◆ Brief ◆
Will you output all of the data below exactly, omitting the images?

◆ Supplied material ◆
=== Begin Enclosure ===
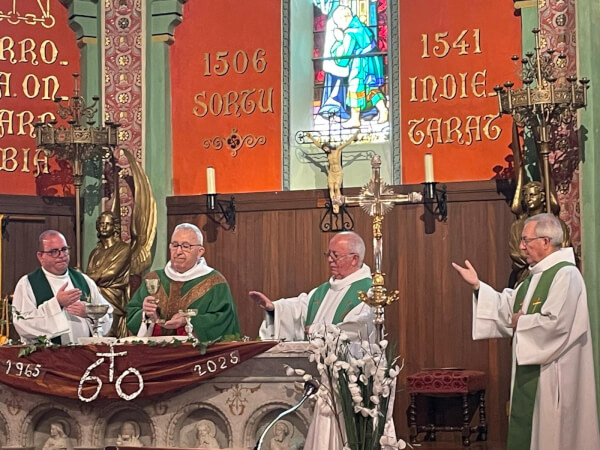 Messe d'action de grâce de l'abbé Etcheverry 10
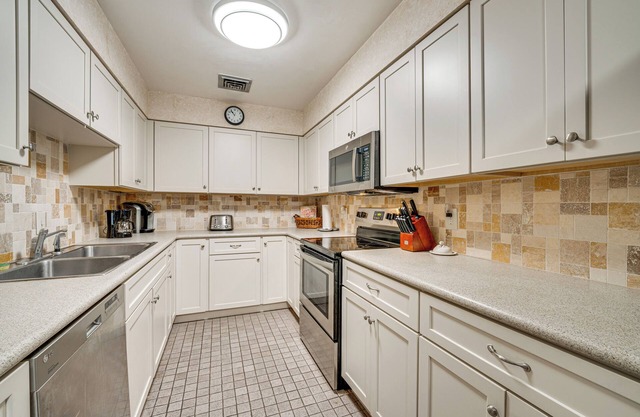 Lanai, Hot Tub & Pool: Haines City Retreat!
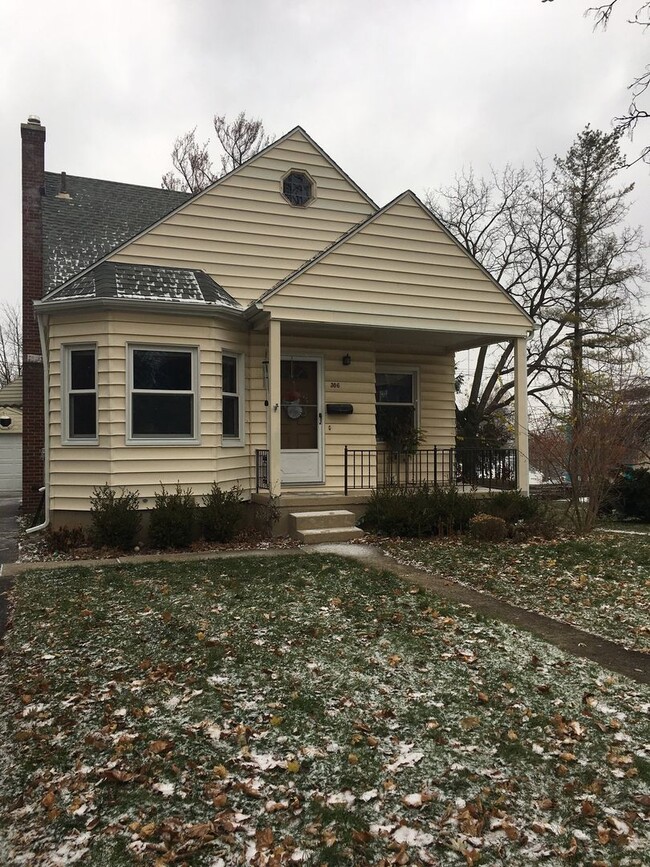 Comfortable house in prime location near the U of M Stadium! - Comfortable house in prime location near the U of M Stadium!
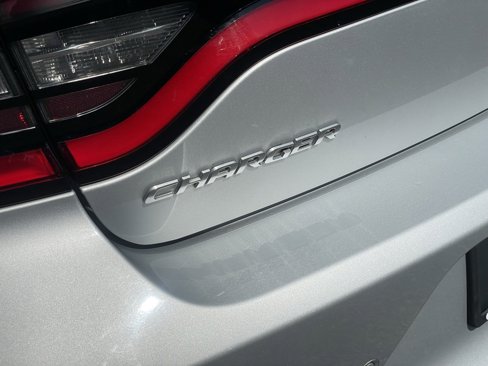 Used 2019 Dodge Charger R/T w/ Plus Group image 31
=== End Enclosure ===
◆ Solution ◆
 Messe d'action de grâce de l'abbé Etcheverry 10
 Lanai, Hot Tub & Pool: Haines City Retreat!
 Comfortable house in prime location near the U of M Stadium! - Comfortable house in prime location near the U of M Stadium!
 Used 2019 Dodge Charger R/T w/ Plus Group image 31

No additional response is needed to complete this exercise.